→ **Problem description**:
Every line below must be copied as written, except for pictures.

→ **Dataset entries**:
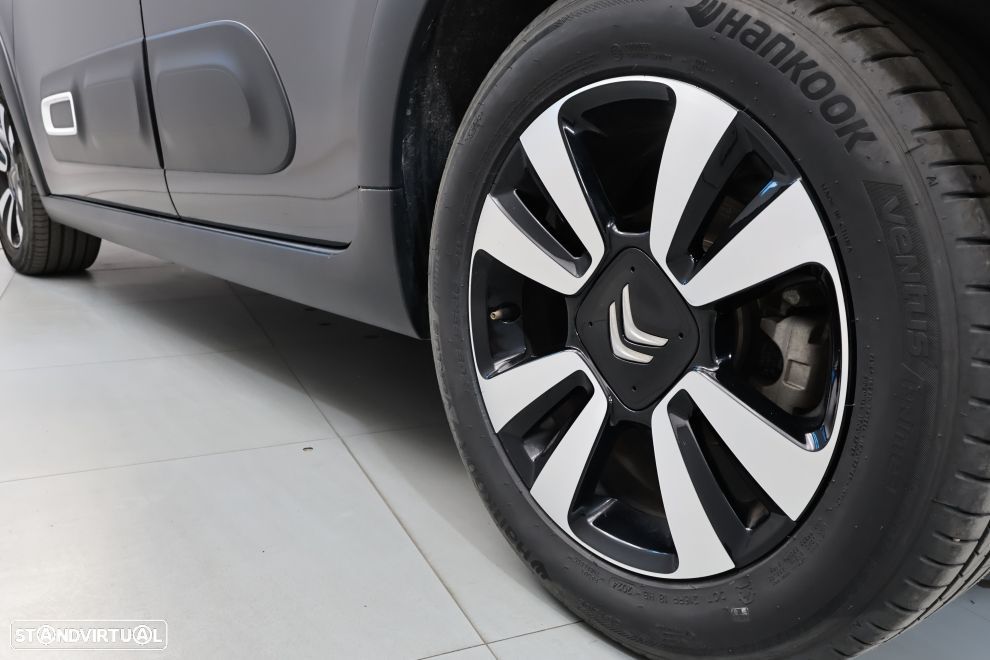 Citroën C3 1.2 PureTech Max EAT6 - 26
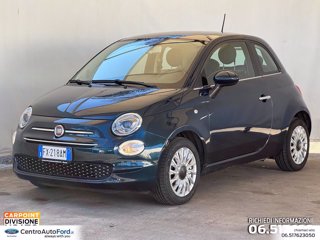 FIAT 500 1.2 lounge 69cv my20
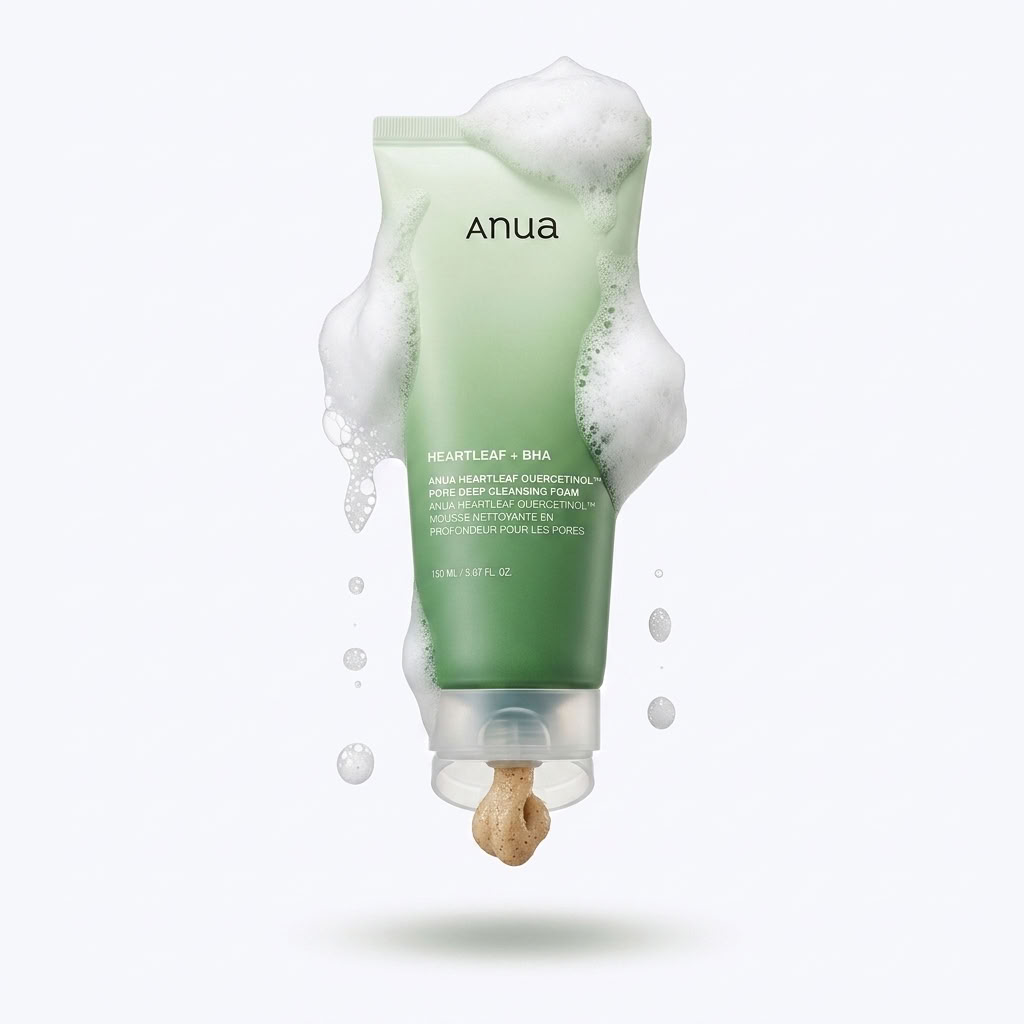 Heartleaf Quercetinol Pore Deep Cleansing Gel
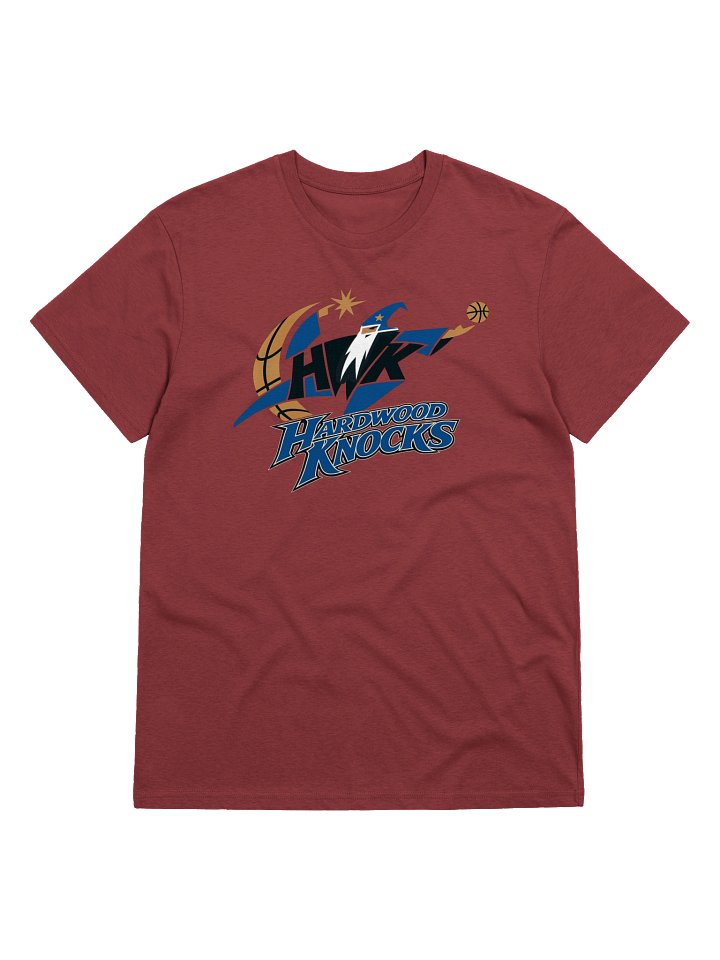 Hardwood Wizardry Tee product image (2)
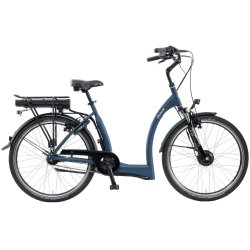 Pfautec Fema FM elcykel med lav indstigning - mat bl�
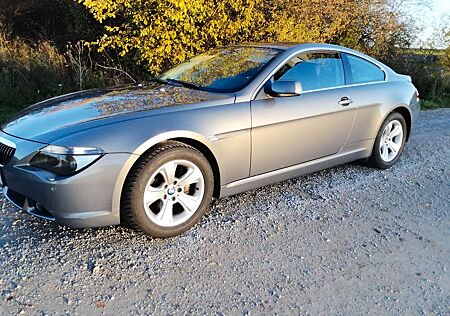 BMW 650 i Aut.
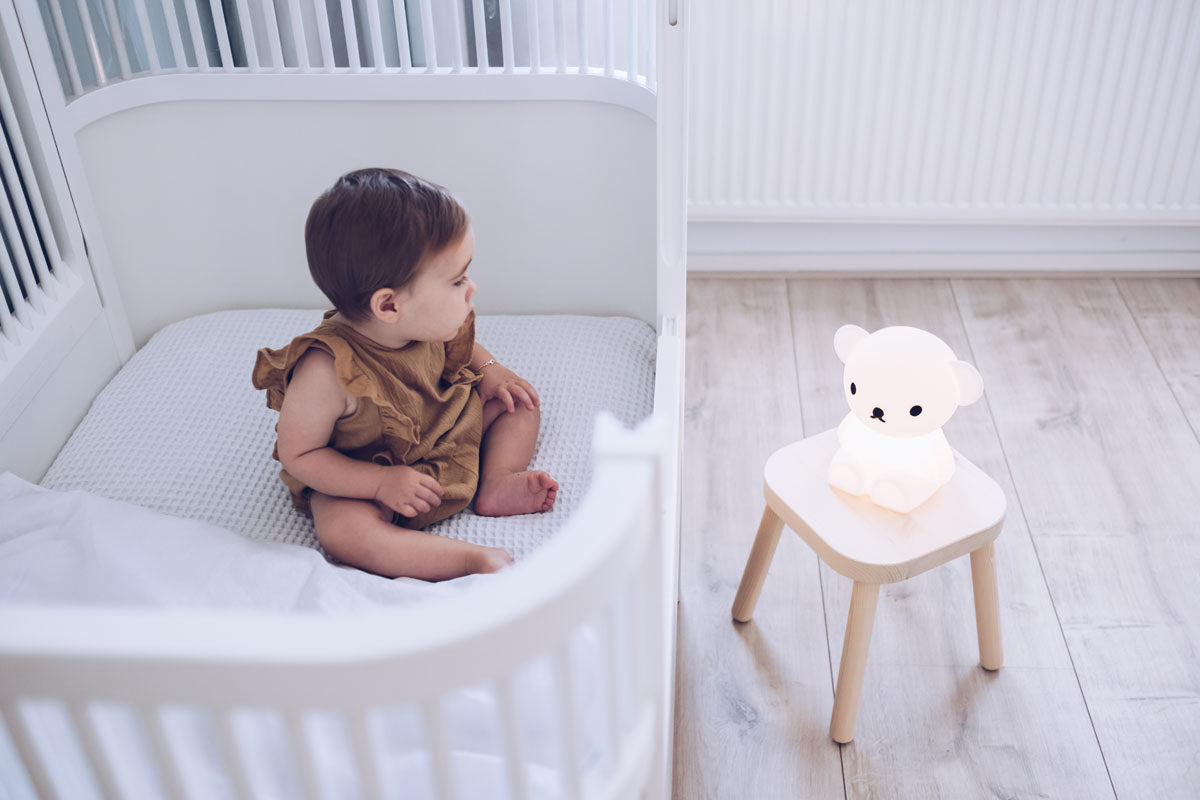 Boris First Light lamp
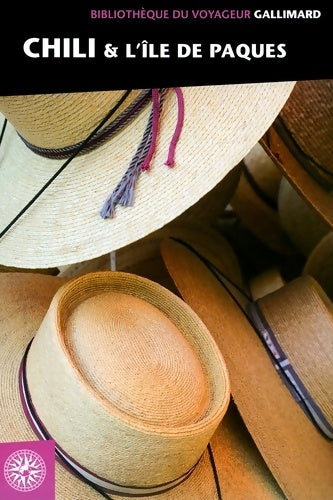 Livrenpoche : Chili & L'île de Pâques - Collectif - Livre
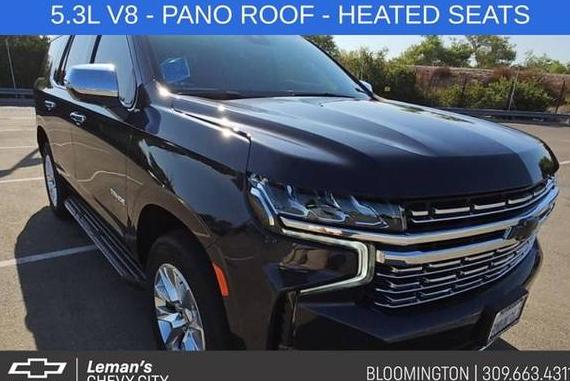 CHEVROLET TAHOE 2024 1GNSKSKD8RR248852 image CHEVROLET TAHOE 2024 1GNSKSKD8RR248852 image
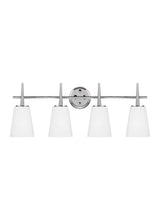 Driscoll Four Light Bath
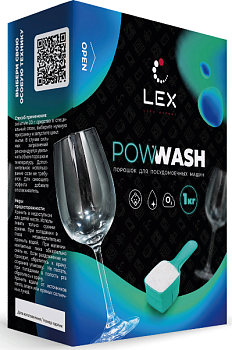 Фото товара: LEX POWWASH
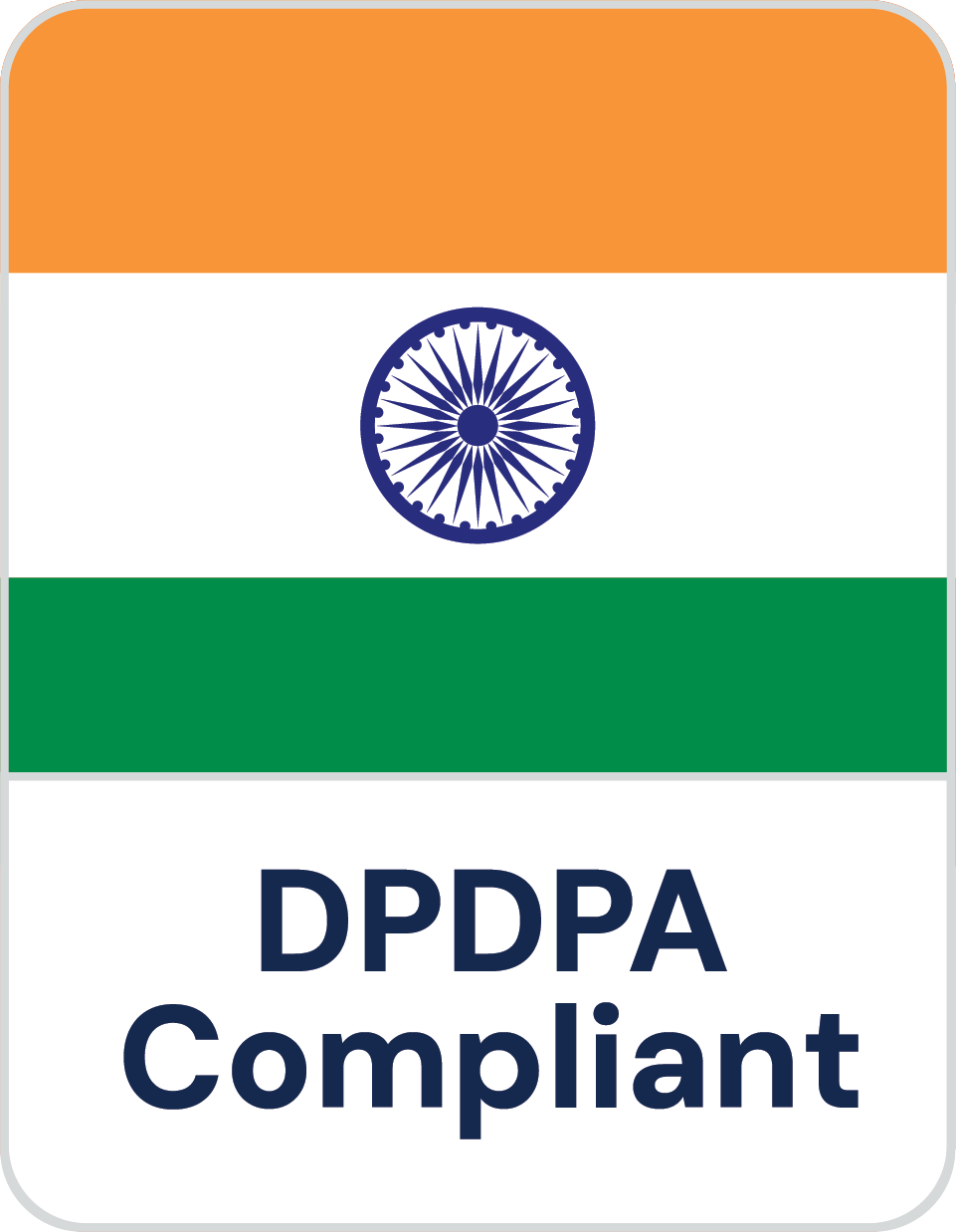 DPDPA Compliant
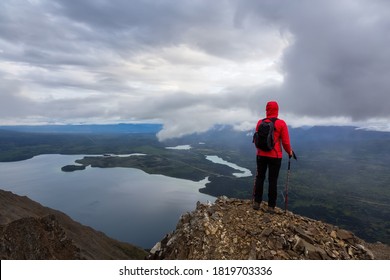 hiking kings peak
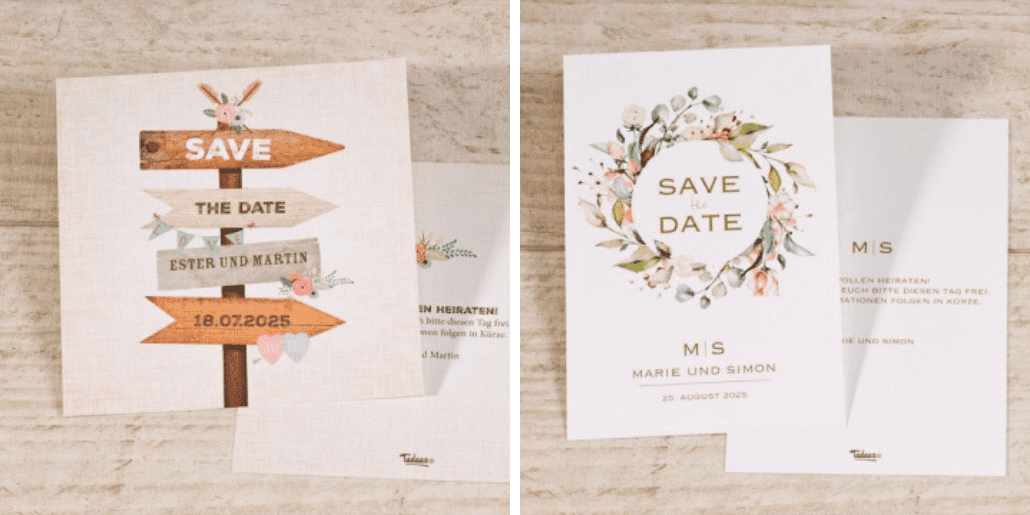 Save-the-Date 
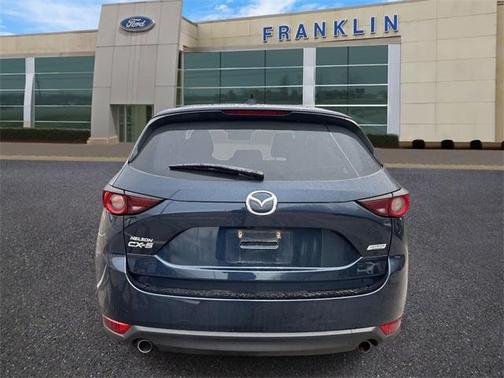 2019 Mazda CX-5 Touring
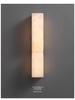 Nordic Modern Luxury Copper Wall Lamp for Bedroom or Living Room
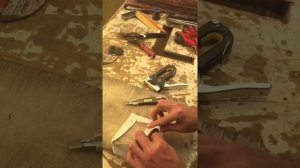 Дымарь для пчёл своими руками за 10 минут ! Дикое дно пчеловодства )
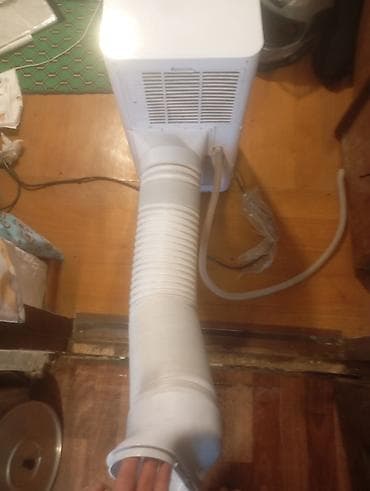 требуется мини швейный цех: Кондиционер Мобильный, Классический, Охлаждение, Вентиляция, Осушение — 4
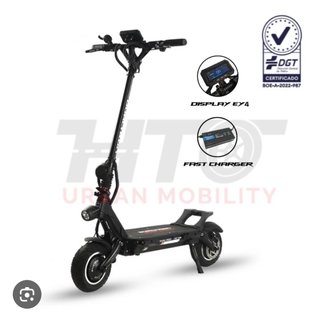 Patinete Dualtron Victory Luxury + Homologado DGT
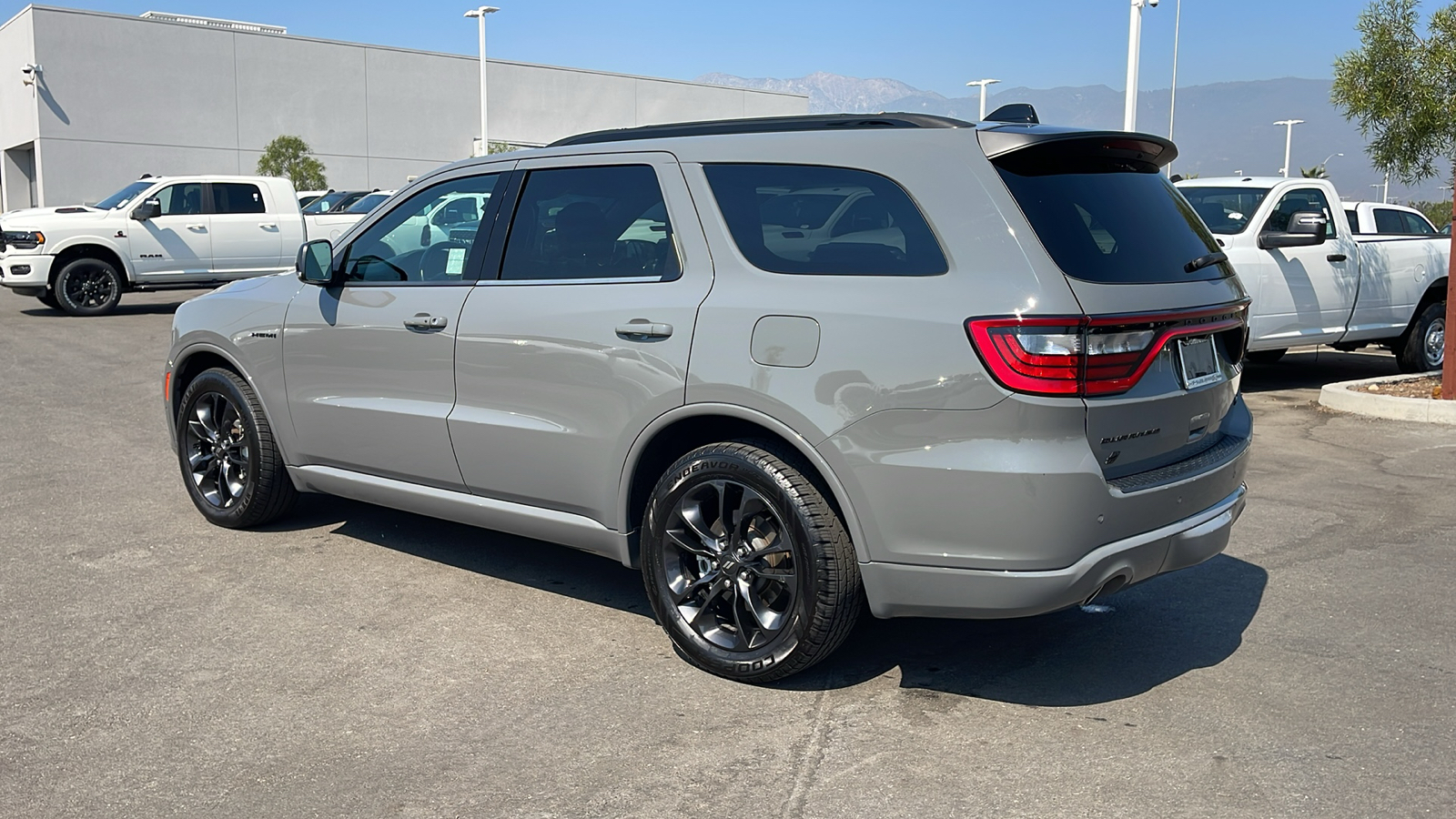 2023 Dodge Durango R/T Plus 3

→ **Finished task**:
 Citroën C3 1.2 PureTech Max EAT6 - 26
 FIAT 500 1.2 lounge 69cv my20
 Heartleaf Quercetinol Pore Deep Cleansing Gel
 Hardwood Wizardry Tee product image (2)
 Pfautec Fema FM elcykel med lav indstigning - mat bl�
 BMW 650 i Aut.
 Boris First Light lamp
 Livrenpoche : Chili & L'île de Pâques - Collectif - Livre
 CHEVROLET TAHOE 2024 1GNSKSKD8RR248852 image CHEVROLET TAHOE 2024 1GNSKSKD8RR248852 image
 Driscoll Four Light Bath
 Фото товара: LEX POWWASH
 DPDPA Compliant
 hiking kings peak
 Save-the-Date 
 2019 Mazda CX-5 Touring
 Nordic Modern Luxury Copper Wall Lamp for Bedroom or Living Room
 Дымарь для пчёл своими руками за 10 минут ! Дикое дно пчеловодства )
 требуется мини швейный цех: Кондиционер Мобильный, Классический, Охлаждение, Вентиляция, Осушение — 4
 Patinete Dualtron Victory Luxury + Homologado DGT
 2023 Dodge Durango R/T Plus 3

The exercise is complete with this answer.